Repeat the listing that follows exactly. Pictures are not part of the copy.

▶ **Data**:
- Opening Delimiter -

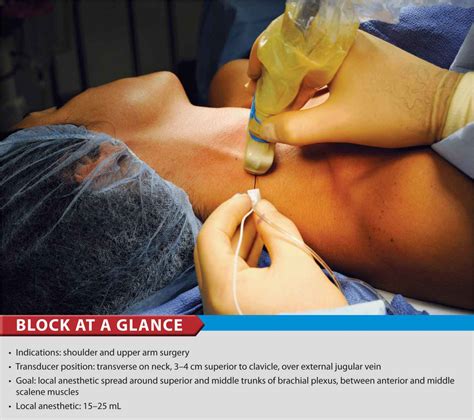 Ultrasound Guided Interscalene Brachial Plexus Block Anesthesia Key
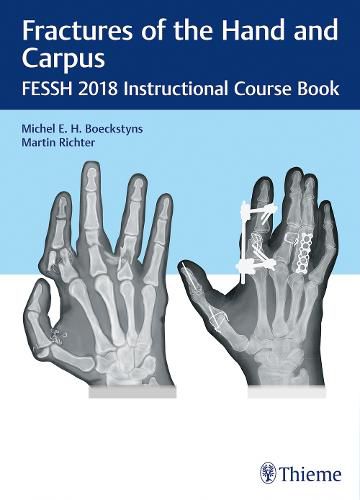 Fractures of the Hand and Carpus: FESSH 2018 Instructional Course Book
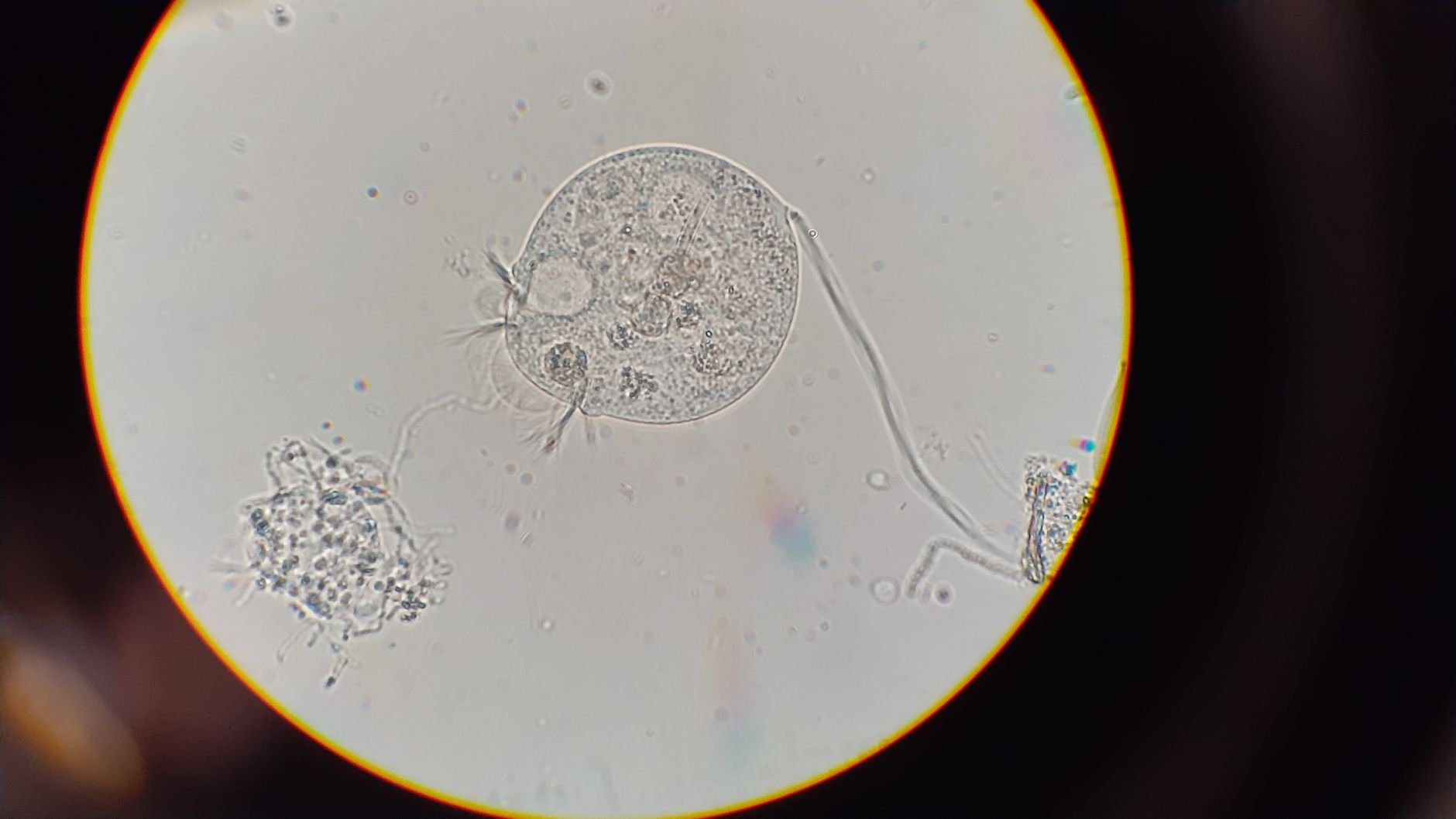 Detailed microscopic image of protozoa in Halifax, showcasing intricate cellular structures.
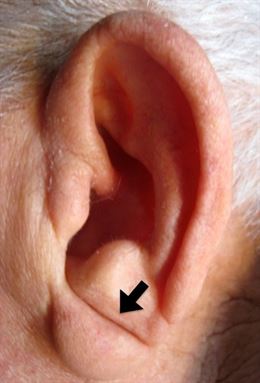 oreja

- Closing Delimiter -

▶ **Written answer**:
 Ultrasound Guided Interscalene Brachial Plexus Block Anesthesia Key
 Fractures of the Hand and Carpus: FESSH 2018 Instructional Course Book
 Detailed microscopic image of protozoa in Halifax, showcasing intricate cellular structures.
 oreja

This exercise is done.